Bem Paraná: Curitiba tem a terceira maior previsão de gastos de campanha para prefeito, com R$ 71,15 milhões

Lilian Venturini

19 de julho de 2012 | 10h42

Por Bem Paraná

A disputa pelas prefeituras das capitais brasileiras nas eleições municipais deste ano pode custar até R$ 1,26 bilhão, segundo previsão de gastos apresentada pelos 194 candidatos à Justiça Eleitoral. Os dados são do Tribunal Superior Eleitoral. Curitiba aparece com a terceira maior estimativa de despesas de campanha, atrás apenas de São Paulo (SP) e Belo Horizonte (MG). Os oito candidatos registrados para a corrida sucessória na Capital paranaense, prevêm junto ao TSE que podem chegar a gastar até R$ 71,15 milhões, o que equivale a mais de R$ 60,00 por voto, considerando que a cidade tem 1.185.556 eleitores aptos a votar.

De acordo com a Lei das Eleições, o Congresso Nacional tinha prazo até 10 de junho para fixar, por lei, os limites de gastos de campanha para os cargos em disputa nas Eleições 2012, no caso prefeito, vice-prefeito e vereador, observadas as peculiaridades locais. O dia 10 de junho marcou o início do período de realização das convenções partidárias para a escolha de candidatos e definição de coligações. O prazo para as convenções terminou no dia 30 de junho.

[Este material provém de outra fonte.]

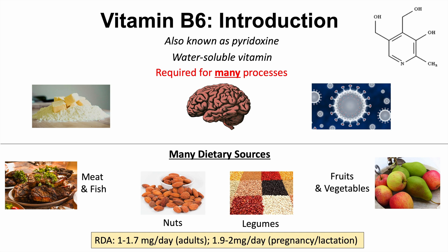1 to 1.7 milligrams per day is the recommended daily allowance for adults. It changes for individuals who are pregnant or lactating — about 1.9 to 2 milligrams per day. And in children it is slightly less, anywhere from 0.5 to 1 milligram per day, depending on the age of the child.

Como não houve elaboração de lei específica para fixar esses limites, a partir do dia 11 de junho foi permitido a cada partido estabelecer o limite de gastos de campanha para os cargos em disputa e comunicá-lo à Justiça Eleitoral nos pedidos de registro de seus candidatos. Cabe à Justiça Eleitoral dar ampla publicidade a essas informações.
Os 12 candidatos que solicitaram registro para disputar a prefeitura de São Paulo (SP) preveem gastar 341,5 milhões no máximo. Isso significa um gasto de cerca de R$ 39,00 para cada um dos 8,6 milhões de eleitores da capital paulista, 30% a menos do que o previsto em Curitiba.

Os oito que pediram registro para concorrer a prefeito de Belo Horizonte (MG) estimam gastos totais de até R$ 80,7 milhões. Como a capital mineira tem 1.772.227 eleitores inscritos, isso significa um gasto de R$ 45,50 por voto.
Estimativa — Essas valores, porém, não significam que os candidatos obrigatoriamente deverão gastar toda a verba prevista. É que pela legislação eleitoral eles são obrigados a apresentar um limite máximo para a campanha, que pode ou não ser cumprido.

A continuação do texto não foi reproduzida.